Want to know how to use the alias command in Linux?
Users of Linux and its distros are familiar with the use of the Command Terminal. Users type in commands to perform multiple tasks that one can perform while using their computers.
While doing so, some commands are used regularly. For example,
$cd is a command that is used regularly to change the current directory. Typing these commands, again and again, can be annoying.
In such cases, users would prefer a shortcut to perform the same task they want to do. For instance, maybe a small word or just a combination of letters to change directories would help out. It would save time and be more efficient overall.
Luckily, Linux users have the choice of creating small shortcuts for their regularly used commands.

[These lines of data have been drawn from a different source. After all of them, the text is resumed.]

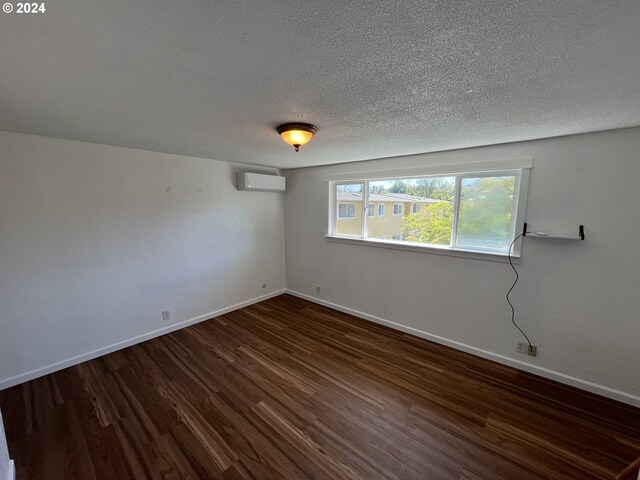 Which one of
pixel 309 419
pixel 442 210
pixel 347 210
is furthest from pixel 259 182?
pixel 309 419

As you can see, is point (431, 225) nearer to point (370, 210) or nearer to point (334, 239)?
point (370, 210)

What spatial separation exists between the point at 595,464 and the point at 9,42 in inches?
149

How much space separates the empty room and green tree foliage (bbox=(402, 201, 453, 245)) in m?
0.03

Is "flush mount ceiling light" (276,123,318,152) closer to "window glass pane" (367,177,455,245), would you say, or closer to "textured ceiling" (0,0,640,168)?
"textured ceiling" (0,0,640,168)

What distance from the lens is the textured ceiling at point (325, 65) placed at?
32.6 inches

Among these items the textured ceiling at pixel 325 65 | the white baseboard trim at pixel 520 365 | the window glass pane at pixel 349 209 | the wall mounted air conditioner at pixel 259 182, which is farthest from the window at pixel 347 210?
the textured ceiling at pixel 325 65

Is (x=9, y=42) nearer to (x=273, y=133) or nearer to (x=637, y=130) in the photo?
(x=273, y=133)

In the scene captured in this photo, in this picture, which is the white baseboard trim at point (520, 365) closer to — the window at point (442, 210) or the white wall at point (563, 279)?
the white wall at point (563, 279)

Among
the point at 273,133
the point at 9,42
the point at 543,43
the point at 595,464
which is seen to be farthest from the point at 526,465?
the point at 9,42

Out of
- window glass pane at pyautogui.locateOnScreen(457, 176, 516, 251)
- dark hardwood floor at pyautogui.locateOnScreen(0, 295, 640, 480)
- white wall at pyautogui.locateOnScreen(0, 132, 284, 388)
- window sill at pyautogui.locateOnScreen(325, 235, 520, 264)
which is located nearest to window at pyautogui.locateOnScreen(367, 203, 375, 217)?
window sill at pyautogui.locateOnScreen(325, 235, 520, 264)

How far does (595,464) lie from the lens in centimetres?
163

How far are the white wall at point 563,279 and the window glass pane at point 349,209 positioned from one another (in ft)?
2.27

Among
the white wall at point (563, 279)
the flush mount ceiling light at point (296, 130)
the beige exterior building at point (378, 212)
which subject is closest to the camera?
the flush mount ceiling light at point (296, 130)

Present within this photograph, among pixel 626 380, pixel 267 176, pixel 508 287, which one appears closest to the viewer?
pixel 626 380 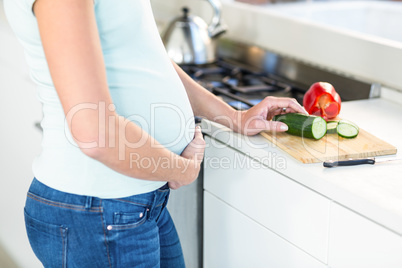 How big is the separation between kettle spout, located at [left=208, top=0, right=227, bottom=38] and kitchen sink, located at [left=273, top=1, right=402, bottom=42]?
0.34 meters

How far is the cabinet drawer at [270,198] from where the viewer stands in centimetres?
110

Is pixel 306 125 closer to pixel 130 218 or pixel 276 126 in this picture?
pixel 276 126

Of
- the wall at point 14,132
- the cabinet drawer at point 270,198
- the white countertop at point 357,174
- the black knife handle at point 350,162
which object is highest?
the black knife handle at point 350,162

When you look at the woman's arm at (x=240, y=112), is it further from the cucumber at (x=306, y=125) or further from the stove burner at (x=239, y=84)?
the stove burner at (x=239, y=84)

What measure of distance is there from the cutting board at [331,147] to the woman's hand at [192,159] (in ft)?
0.64

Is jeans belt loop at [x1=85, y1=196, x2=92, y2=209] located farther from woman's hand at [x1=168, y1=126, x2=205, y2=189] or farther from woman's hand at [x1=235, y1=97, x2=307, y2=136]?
woman's hand at [x1=235, y1=97, x2=307, y2=136]

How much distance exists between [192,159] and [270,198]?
27 cm

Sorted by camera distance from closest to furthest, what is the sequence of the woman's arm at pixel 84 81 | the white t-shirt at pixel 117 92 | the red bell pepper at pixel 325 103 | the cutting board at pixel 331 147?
the woman's arm at pixel 84 81 → the white t-shirt at pixel 117 92 → the cutting board at pixel 331 147 → the red bell pepper at pixel 325 103

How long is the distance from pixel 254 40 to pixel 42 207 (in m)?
1.26

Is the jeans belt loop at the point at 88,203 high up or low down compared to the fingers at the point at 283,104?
down

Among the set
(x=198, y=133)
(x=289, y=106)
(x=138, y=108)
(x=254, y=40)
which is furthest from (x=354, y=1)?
(x=138, y=108)

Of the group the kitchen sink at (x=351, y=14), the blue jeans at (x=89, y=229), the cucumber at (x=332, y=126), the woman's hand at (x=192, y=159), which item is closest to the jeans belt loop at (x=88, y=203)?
the blue jeans at (x=89, y=229)

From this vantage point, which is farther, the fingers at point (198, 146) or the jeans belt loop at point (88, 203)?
the fingers at point (198, 146)

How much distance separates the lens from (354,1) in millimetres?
2354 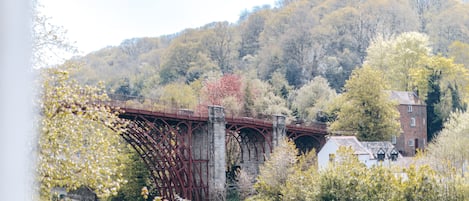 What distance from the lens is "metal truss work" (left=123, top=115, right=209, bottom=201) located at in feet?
38.8

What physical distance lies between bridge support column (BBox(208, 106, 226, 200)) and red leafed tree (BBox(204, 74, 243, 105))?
14.5 feet

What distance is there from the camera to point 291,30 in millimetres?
26797

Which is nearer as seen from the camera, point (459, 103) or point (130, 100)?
point (130, 100)

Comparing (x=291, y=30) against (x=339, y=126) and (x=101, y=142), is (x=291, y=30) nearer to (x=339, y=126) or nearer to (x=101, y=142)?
(x=339, y=126)

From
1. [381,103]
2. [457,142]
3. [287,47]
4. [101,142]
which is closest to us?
[101,142]

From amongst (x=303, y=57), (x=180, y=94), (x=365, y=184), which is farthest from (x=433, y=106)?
(x=303, y=57)

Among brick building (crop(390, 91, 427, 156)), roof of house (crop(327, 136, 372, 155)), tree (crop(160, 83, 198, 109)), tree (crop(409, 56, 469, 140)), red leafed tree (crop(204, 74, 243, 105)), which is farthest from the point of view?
tree (crop(160, 83, 198, 109))

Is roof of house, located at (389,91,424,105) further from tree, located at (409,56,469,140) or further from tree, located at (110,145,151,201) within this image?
tree, located at (110,145,151,201)

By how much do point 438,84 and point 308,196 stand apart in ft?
28.8

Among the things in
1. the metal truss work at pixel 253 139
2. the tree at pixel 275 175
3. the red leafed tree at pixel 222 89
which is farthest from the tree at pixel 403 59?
the tree at pixel 275 175

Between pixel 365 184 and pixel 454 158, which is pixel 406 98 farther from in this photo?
pixel 365 184

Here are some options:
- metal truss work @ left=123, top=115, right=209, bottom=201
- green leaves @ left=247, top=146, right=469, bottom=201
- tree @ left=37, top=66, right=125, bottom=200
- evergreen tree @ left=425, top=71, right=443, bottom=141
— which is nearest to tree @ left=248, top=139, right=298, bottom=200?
green leaves @ left=247, top=146, right=469, bottom=201

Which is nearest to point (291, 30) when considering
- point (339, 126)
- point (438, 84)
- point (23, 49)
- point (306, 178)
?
point (438, 84)

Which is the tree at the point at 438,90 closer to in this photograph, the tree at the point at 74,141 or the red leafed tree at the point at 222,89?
the red leafed tree at the point at 222,89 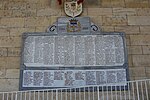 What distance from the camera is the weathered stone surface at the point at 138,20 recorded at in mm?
6020

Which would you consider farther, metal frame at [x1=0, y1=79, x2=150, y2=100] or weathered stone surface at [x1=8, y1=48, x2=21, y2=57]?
weathered stone surface at [x1=8, y1=48, x2=21, y2=57]

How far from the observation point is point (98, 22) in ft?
19.7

This is done using the $alias command.
$alias works in a way that is somewhat similar to using functions in programming languages.

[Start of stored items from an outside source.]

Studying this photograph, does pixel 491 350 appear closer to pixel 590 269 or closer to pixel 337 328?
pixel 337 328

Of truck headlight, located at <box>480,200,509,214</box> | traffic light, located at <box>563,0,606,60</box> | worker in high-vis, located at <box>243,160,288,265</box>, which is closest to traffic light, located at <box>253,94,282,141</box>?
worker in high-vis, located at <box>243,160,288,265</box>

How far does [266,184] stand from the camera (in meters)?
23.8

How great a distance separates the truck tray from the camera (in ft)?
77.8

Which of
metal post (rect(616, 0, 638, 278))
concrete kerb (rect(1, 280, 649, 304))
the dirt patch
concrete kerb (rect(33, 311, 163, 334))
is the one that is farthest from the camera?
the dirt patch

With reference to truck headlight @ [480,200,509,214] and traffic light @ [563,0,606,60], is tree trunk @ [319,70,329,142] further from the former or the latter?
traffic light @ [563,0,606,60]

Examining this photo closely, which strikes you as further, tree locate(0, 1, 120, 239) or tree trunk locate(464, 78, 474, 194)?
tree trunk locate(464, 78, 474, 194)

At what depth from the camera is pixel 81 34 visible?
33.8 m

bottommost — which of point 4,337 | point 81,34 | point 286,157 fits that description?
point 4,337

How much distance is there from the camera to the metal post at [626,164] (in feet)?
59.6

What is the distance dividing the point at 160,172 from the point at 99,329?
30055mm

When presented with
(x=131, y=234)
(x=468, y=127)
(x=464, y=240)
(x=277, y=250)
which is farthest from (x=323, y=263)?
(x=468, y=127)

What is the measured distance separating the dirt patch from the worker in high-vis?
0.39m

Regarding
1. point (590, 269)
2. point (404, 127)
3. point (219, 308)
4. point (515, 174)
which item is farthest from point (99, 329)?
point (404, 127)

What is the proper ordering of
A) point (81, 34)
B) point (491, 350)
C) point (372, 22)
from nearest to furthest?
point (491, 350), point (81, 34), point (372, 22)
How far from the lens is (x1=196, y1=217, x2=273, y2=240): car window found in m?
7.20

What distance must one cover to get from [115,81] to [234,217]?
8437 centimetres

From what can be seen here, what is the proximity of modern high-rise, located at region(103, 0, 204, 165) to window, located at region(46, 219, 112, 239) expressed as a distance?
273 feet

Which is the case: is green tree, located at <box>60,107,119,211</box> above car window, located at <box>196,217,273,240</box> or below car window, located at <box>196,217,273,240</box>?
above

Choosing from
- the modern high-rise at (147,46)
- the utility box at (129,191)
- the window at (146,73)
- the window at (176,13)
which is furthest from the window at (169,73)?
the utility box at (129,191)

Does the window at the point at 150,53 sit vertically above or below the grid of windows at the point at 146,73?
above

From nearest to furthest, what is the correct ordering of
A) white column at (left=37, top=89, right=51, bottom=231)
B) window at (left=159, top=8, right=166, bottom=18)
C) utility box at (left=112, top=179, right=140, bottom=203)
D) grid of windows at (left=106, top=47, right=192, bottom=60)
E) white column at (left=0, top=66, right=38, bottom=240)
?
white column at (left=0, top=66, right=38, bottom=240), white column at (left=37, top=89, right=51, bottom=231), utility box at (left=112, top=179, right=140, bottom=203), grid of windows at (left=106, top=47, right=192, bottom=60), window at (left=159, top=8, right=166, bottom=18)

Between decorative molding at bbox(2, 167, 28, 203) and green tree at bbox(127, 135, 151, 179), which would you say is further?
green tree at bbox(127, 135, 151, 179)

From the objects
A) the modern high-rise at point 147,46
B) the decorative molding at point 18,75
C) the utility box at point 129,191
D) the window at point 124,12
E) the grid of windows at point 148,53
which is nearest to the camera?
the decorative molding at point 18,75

So, let’s see how you can make the best out of the alias command in Linux.
Syntax of Alias.
Before we dive into how to use the alias command in Linux, we should discuss its syntax. The syntax for the
$alias command is straightforward in its usage.
$ alias <shortcut name>=”<command>”
You can create aliases for every command that can be used in Linux. You also have the choice of creating aliases for a whole command line, such as
$cd /home/username/documents, or an alias for the command only. However, the value of creating an alias for only the command is very limited.
How to Create a Temporary Alias.
There are two types of shortcuts you can create using the
$alias command. If you create a shortcut to be used in the current session only, that shortcut will be called a “temporary alias”.
Creating temporary aliases is useful for the repeated commands that you know you will be using for the time being and not again. They can greatly reduce the amount of typing and time consumed.
To create a temporary alias, follow these steps.
- First, open the Terminal.
- Once opened, you can use the following command as a template to create a temporary alias for your choice of command.
$ alias direcA=”cd Downloads”
In the command above, we have chosen “
direcA” as our shortcut for the whole command line.
- To check whether it works or not, type in just the shortcut in your Terminal and execute it. You should see that the intended function has been performed.
- Let’s have a look at another example.
$ alias list=”tar -tf textfiles.tar.xz”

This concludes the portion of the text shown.